Carisma - Ogólne - [Cari 1.6] Co może chrobotać pomiędzy silnikiem a akumulator
nerpo - 01-11-2010, 15:28 Temat postu: [Cari 1.6] Co może chrobotać pomiędzy silnikiem a akumulator Zauważyłem od kilku dni, że gdy idę zamknąć garaż, tylko rano słychać jakiś delikatny chrobot. Żródło dźwięku jest pomiędzy silnikiem a akumulatorem. NIe jest to sprzęgło, gdyż w takim przypadku byłby szum, który mija po wciśnięciu sprzęgła. Ten chrobot trwa jakieś 30 - 60 sekund i ustaje. Cały dzień nic nie słychać, dopiero po nocy. Co to może być? Czy to bendiks rozrusznika nie odbija.
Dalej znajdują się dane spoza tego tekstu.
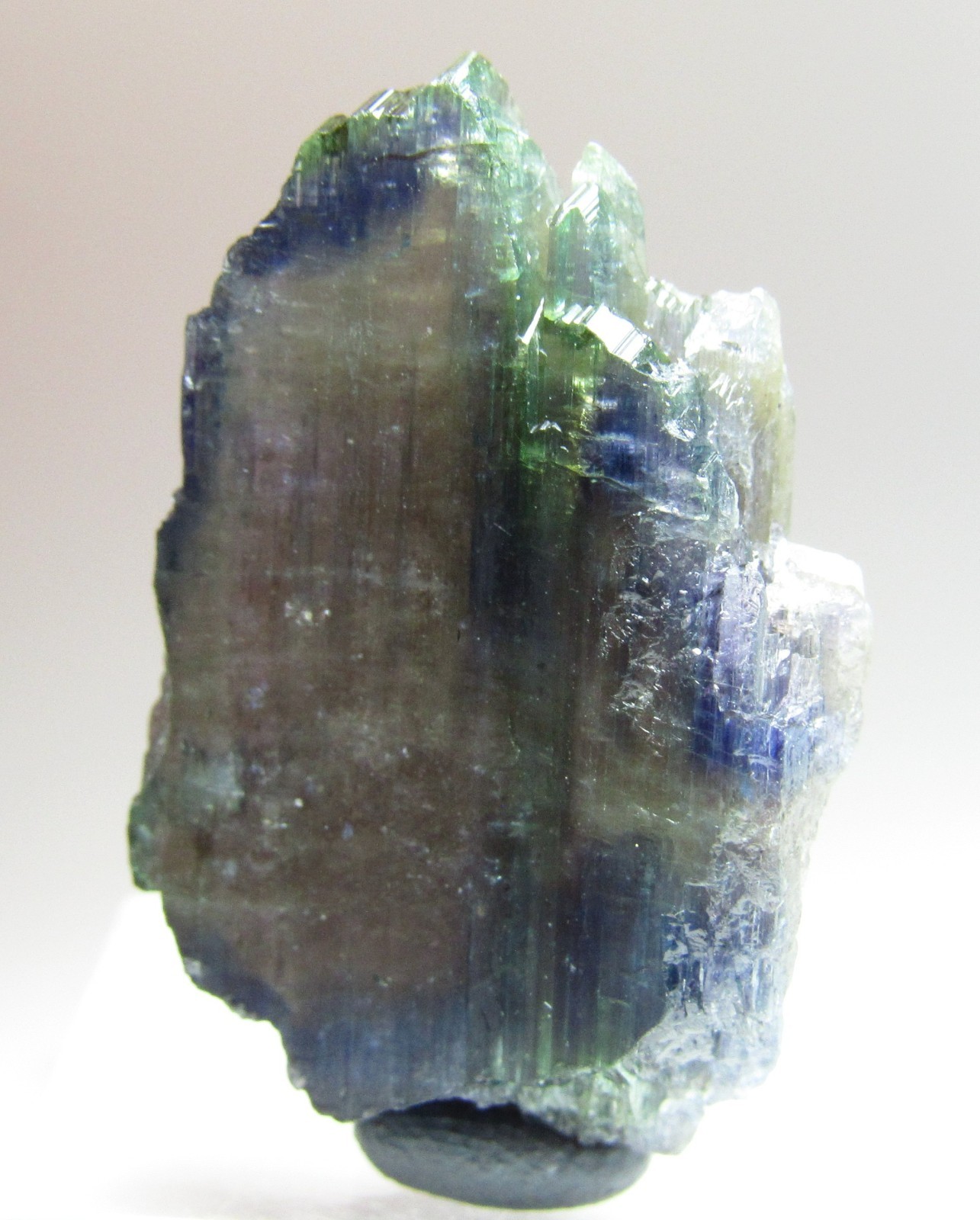PHENOMENAL ULTRA RARE GREEN UNHEATED GEM TANZANITE CRYSTAL!!! TANZANIA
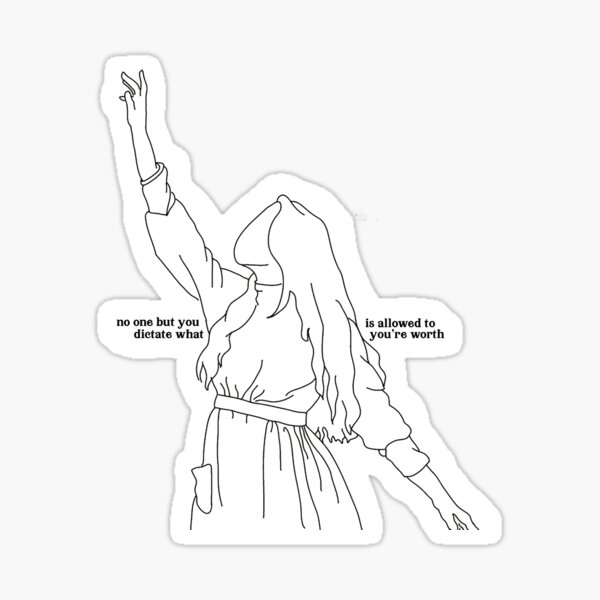 Anne with an E sticker Sticker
Pozdrawiam i czekam na podpowiedzi.
lapass - 02-11-2010, 13:34
to prawie na pewno skrzynia. słychać ją rano, bo wtedy olej jest zimny i gęsty.
ustaje, jak skrzynia się trochę pokręci, pewnie przy większym mrozie chrobotanie będzie dłużej trwało, może też zaczynać się trochę później, nie zaraz po odpaleniu.
miejsce też by się zgadzało, skrzynia jest po tej stronie co aku.
sprzęgło (łożysko oporowe) hałasuje po wciśnięciu pedału - wtedy pracuje, na luzie sprzęgło jest rozłączone.
jeśli hałasy są na luzie (bez sprzęgła) to będzie skrzynia. po wciśnięciu sprzęgła cichnie, bo jest rozłączana od silnika i staje.
ja bym wymienił olej, chociaż niby w skrzyni F5M42 producent nie zaleca wymiany (nie wiem jaką masz w aucie).
nerpo - 02-11-2010, 20:47
Lapass, dzięki za podpowiedź. W kwietniu był wymieniany piąty bieg o olej. Mechanikiem jest polecany gdzieś na forum pan Seweryn z ASO Mitsubishi w Lublinie. W piątek przyjedzie, by posłuchać tego chrobotu. Czy twoim zdaniem oprócz oleju wchodzi w rachubę wymiana skrzyni albo sprzęgła? Masz jakieś doświadczenie w tym temacie.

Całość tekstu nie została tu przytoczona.